R v Dohnt No. DCCRM-96-1275 Judgment No. D3636
[1997] SADC 3636
•20 June 1997
Court
DISTRICT COURT OF SOUTH AUSTRALIA
Reasons For The Verdict of His Honour Judge Noblet
Hearing
10/06/97 to 16/06/97.
Catchwords
Trial by judge alone - arson - circumstantial evidence.
Representation
R:
Counsel: MR S McDONALD - Solicitors: DIRECTOR OF PUBLIC PROSECUTIONS
Accused BRIAN JONATHON DOHNT:
Counsel: MR R KANE - Solicitors: MR J JONES, FLETCHER &; JONES
DCCRM-96-1275
Judgment No. D3636
20 June 1997
(Criminal)
R v DOHNT
Criminal - Trial by Judge Alone
Judge Noblet
The accused is charged with two offences.The first is building-breaking and larceny.Particulars of that offence are that between 16 September 1994 and 17 October 1994 at Back Valley near Victor Harbor, he broke and entered the building of Dean Wilfred Hosking and stole therein a cabinet and crockery, together of the value of about $200, the property of Dean Wilfred Hosking.

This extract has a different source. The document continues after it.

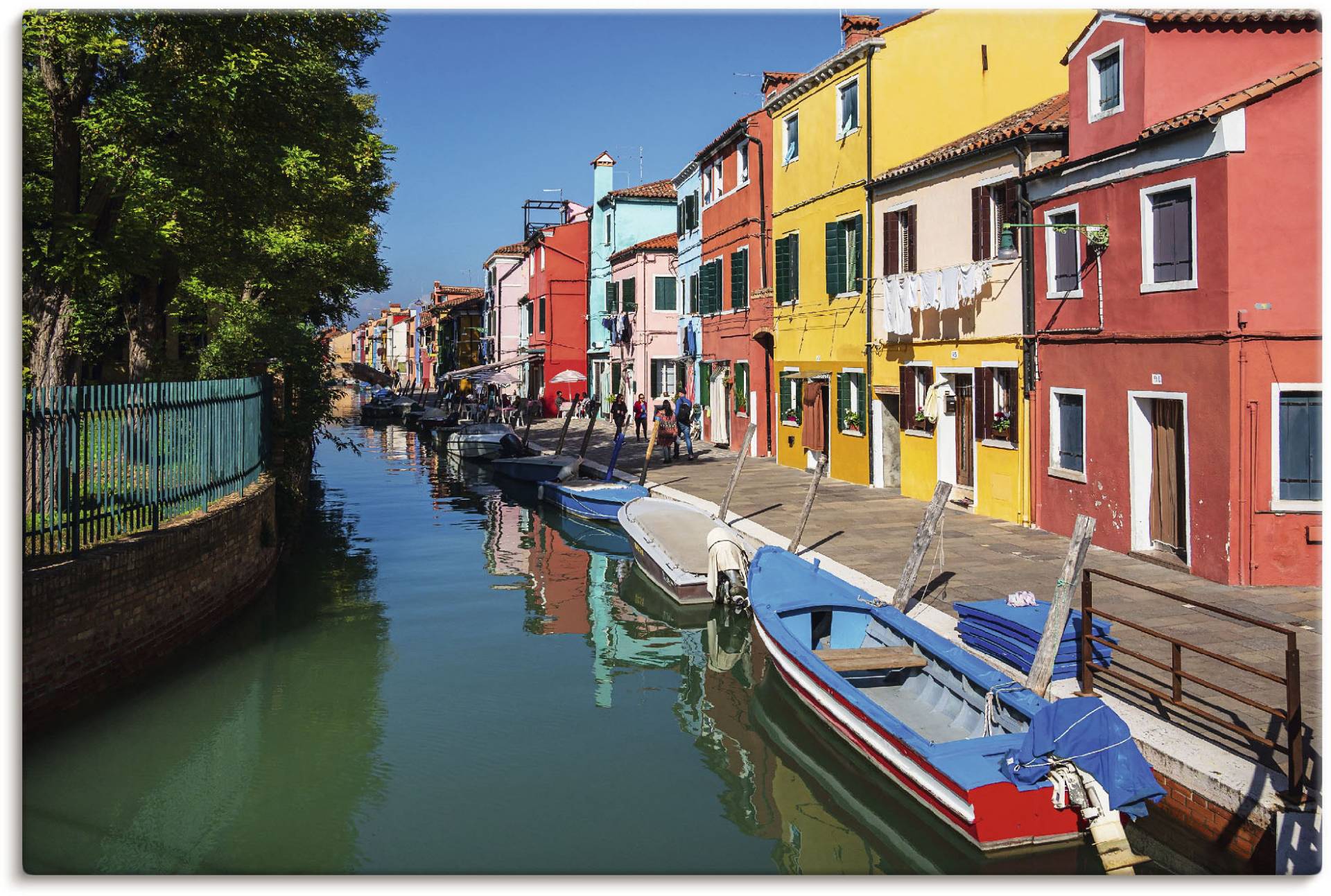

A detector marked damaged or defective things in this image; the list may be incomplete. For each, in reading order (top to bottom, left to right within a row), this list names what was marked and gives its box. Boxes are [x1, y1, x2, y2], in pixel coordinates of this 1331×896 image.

rusty railing [1076, 568, 1303, 798]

The second offence is arson.Particulars of that offence are that on 16 October 1994 at Back Valley near Victor Harbor, knowing that he had no lawful authority to do so, he intentionally or with reckless indifference damaged by fire a building on the property of Dean Wilfred Hosking, the said damage amounting to about $41,000.
In fact the evidence was that the property damaged by fire was owned by a company of which Mr Hosking and his wife were directors.However, no point was made about this at the trial.
The accused pleaded guilty to the first count and not guilty to the second count.On the second count he elected to be tried by Judge alone.I am satisfied that this election was validly made.
I remind myself that the prosecution must prove, beyond reasonable doubt, the first three of the following four elements of the offence of arson. First, the property of someone other than the accused was damaged by fire.Secondly, the accused caused that damage.Thirdly, the accused either intended to cause damage by fire or, alternatively, was recklessly indifferent as to whether the property was damaged or not.Fourthly, the accused knew that he had no lawful authority to do what he did.It is for the accused to prove, on the balance of probabilities, any lawful authority on which he relies.The accused made no claim to have any lawful authority and this issue therefore does not arise. Nor did the accused rely upon the defence set out in section 85(4) of the Criminal Law Consolidation Act.
The prosecution case depends upon circumstantial evidence and admissions alleged to have been made by the accused.As far as circumstantial evidence is concerned, I remind myself that I may draw inferences from facts that I find to have been proved.The probative force of a mass of evidence may be cumulative, so that it is not necessary to consider the degree of probability of each item of evidence separately.I may draw inferences from facts established as a result of the drawing of other inferences, or from the combined effect of other inferences or the facts upon which they are based.Of course, to return a verdict of guilty, the final inference that I must draw from the whole body of evidence is that each element of the offence has been established beyond reasonable doubt.If any other rational inference consistent with innocence is reasonably open on the evidence, the accused must have the benefit of the doubt which must thereby arise.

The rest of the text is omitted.